Abstract

ABSTRACT Contributors to Mere Light ask how ‘light’ falls in and through the non-visual medium of the literary text, illuminating that medium’s potential to initiate an experience of immediacy. While we might look to the luminous inscriptions of medieval mystics for its template, a fascinating post-Enlightenment exemplar of this paradox is the literary ‘self-recording’ of the deafblind modern ‘miracle’ Helen Keller. ‘Illustrated’ with often surreal photographs that both marked their modernity and complemented their thematic preoccupation with the dynamics of light, Keller’s nine autobiographies strove to replicate her primarily ‘tactual’ sense experience in graphic language while tendering apparently eyewitness images of light.

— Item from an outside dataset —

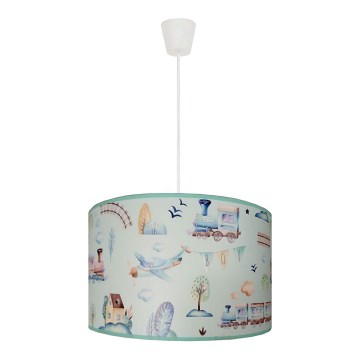 Duolla - Dečiji luster na sajli TRAIN 1xE27/15W/230V prečnik 35 cm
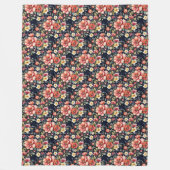 Tiroler Bloemen Boeketten op Marine Fleece Deken (Voorkant)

Where these literary dissimulations bring the body of Keller’s disabled I into view, they develop a complex ‘sense of light’ as vibrant, self-actualising literary metaphor, capable of moving between sight and touch, and thus beyond the limits of both. Projecting its speaking I as light’s writing alongside illustrative photographs that projected that I as light-written, Keller’s life-writing synthesises sight and touch. Epitomised in her experimental The World I Live In (1908), this was to ‘photo’ synthesise the mimetic pretenses of post-Enlightenment visualising technologies with a transhistorical disability aesthetics oriented around peripheral – hence invisible – embodiment.